Hali kazanan seçimi de kazanır dediler. Allahın izniyle hem hali, hem seçimi kazanacağız dedim. Onların sorununu çözeceğiz. Sırça köşkte oturursanız, saraydan ahkam keserseniz, tezgahın başında durmazsanız Türkiye’nin sorunlarını çözemediğiniz gibi hal esnafının sorunlarını da çözemezsiniz. İnşallah bize nasip olacak.
‘SAAT BAŞI ZAM GELİYOR’
Hal esnafı böyle ama bir de gıda sektörü var. Mutfaklarda yangın var dedik. Saat başı zam geliyor. Marketlerde saat başı etiket değiştiren elemanlar işe başladı. Öyle bir noktaya geldi ki Türkiye… İnsanlar satarken kar elde ederdi. Satarken zarar ediyorlar. Yarım saat sonra fiyat değişecek. Aldığı malın yerine yenisini koyamıyorlar. Kendileri bana aktardı. Gıda sektörünün bütün bileşenleriyle konuştum. Satışı yapanlar fiyat artışlarından sorumlu değil. Konuyu maliyet ve fiyat ekseninde düşünemezsiniz fiyat artışı kaçınılmaz olur. Yine söylediler ki hükümetin birinci önceliği üreticiyi korumak olmalı. Koruyamazlarsa açlık kriziyle karşı karşıya kalabiliriz. Marketçiler “Bizim sattığımız ürünlerin yüzde 77’si tarım ürünü” dediler. “Denetlemeyle fiyatlar düşmez” dediler. “Malı karaborsaya düşürür, mal tezgah altına iner” dediler. Siz üretimi çözeceksiniz. Fiyatların düşmesi için ürün bolluğu lazım. “Tedarik zincirinde kopuş olursa fiyatları kontrol edemezsiniz” dediler.
‘TÜRK LİRASI’NI ERİTEN KİM?’
Siz kalkıyorsunuz, çiftçiyi, marketçiyi, halciyi suçluyorsunuz. Dolar arttıkça fiyatlar mecburen artacak.
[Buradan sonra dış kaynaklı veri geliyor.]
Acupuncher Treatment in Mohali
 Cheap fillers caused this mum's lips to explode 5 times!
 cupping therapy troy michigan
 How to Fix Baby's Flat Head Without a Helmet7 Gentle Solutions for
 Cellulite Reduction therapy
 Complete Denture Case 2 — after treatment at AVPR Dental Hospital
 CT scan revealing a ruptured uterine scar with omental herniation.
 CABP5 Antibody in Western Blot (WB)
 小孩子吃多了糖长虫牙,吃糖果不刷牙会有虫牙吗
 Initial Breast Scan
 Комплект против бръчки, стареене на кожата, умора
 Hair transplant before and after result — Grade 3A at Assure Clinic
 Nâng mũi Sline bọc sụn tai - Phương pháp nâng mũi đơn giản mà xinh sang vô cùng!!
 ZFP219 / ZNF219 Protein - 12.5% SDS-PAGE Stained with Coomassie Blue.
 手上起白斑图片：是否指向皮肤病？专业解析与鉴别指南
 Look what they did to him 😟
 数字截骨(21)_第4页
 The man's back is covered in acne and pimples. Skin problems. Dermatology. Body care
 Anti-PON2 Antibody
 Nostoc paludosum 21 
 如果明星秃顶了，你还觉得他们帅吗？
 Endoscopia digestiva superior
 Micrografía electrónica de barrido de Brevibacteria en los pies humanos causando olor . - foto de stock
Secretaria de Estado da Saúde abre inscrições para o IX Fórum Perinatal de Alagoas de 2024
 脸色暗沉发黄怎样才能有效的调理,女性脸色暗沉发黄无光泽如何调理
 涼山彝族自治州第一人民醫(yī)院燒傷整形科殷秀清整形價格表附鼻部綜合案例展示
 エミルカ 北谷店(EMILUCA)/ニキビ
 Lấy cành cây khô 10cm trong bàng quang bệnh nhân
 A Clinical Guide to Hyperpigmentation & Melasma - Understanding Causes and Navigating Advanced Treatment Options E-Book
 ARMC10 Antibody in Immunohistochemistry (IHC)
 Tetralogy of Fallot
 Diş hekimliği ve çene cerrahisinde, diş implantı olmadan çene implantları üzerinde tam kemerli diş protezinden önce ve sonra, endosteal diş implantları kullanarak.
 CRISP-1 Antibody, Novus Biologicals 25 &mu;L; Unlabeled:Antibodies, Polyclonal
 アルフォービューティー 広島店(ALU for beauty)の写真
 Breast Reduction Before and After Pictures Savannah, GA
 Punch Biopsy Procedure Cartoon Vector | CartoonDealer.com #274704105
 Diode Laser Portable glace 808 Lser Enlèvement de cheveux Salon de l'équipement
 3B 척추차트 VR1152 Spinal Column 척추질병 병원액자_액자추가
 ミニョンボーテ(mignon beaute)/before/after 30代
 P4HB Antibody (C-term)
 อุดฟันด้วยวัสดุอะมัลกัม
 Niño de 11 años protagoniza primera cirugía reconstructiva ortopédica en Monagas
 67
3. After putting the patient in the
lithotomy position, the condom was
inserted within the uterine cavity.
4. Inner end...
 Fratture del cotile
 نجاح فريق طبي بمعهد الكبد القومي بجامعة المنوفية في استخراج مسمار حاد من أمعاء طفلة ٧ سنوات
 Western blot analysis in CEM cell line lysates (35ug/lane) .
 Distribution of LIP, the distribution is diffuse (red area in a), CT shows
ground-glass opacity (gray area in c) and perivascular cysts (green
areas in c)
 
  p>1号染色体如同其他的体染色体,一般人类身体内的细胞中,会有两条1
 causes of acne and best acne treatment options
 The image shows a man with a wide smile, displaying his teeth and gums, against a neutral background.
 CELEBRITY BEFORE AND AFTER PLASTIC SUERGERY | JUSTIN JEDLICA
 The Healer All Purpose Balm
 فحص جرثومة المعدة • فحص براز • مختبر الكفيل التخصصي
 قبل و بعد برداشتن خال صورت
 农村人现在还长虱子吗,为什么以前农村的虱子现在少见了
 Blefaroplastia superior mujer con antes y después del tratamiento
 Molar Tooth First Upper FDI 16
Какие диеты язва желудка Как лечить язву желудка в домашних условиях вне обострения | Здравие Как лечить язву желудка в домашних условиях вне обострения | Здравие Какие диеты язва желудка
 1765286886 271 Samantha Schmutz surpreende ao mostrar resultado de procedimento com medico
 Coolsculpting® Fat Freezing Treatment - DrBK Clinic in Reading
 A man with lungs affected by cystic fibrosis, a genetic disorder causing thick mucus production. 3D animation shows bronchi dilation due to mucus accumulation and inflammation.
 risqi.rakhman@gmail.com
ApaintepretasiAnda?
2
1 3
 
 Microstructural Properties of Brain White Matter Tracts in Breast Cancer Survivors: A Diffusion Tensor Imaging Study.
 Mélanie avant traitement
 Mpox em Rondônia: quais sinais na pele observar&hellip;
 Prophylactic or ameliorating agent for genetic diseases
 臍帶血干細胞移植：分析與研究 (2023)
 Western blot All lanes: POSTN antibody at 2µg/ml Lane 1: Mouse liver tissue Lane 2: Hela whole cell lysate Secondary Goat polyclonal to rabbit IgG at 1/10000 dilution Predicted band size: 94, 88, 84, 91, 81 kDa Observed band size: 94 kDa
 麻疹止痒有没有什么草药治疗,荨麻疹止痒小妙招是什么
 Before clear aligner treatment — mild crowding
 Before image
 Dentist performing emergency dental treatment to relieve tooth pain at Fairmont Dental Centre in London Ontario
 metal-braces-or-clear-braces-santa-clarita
Hal esnafını terörist mi ilan edeceksiniz? Önce bir dönüp kendine bak. Türk Lirası’nı eriten kim? Hal esnafı mı, çiftçi mi, bakkal mı? Sorumluluktan kaçıp vatandaşa yüklemeye çalışıyor. “Siyaset kurumunun üzerinde düşünmesi gerek” diyorlar. Siz üretimi mi finanse edeceksiniz, italatı mı finanse edeceksiniz? Bir marketçi “Bir haftadır düştü” dedi. Çünkü sütten zarar ediyorlar ve bütün inekleri kesime gönderdiler. İneği yok edersen danayı bulamazsın. Aynen onların cümlesi. Yanlış bilgi üzerine doğru planlama yapılamaz. “32 milyon dekar boş arazi var, ekilmiyor” dediler. “Bu yıl atılması gereken gübrenin ancak yüzde 20’si atıldı” diyorlar. “Her gün ürün fiyatı değişirse ortada bir sorun var, soruna eğilmiyor, bizi suçluyorlar” diyor. Birisi şunu söyledi. “Tarım Bakanlığı kaldırılırsa bu sorun çözülür” dedi. “Et ve Süt Kurumu engel kurumuna dönüştü” dediler.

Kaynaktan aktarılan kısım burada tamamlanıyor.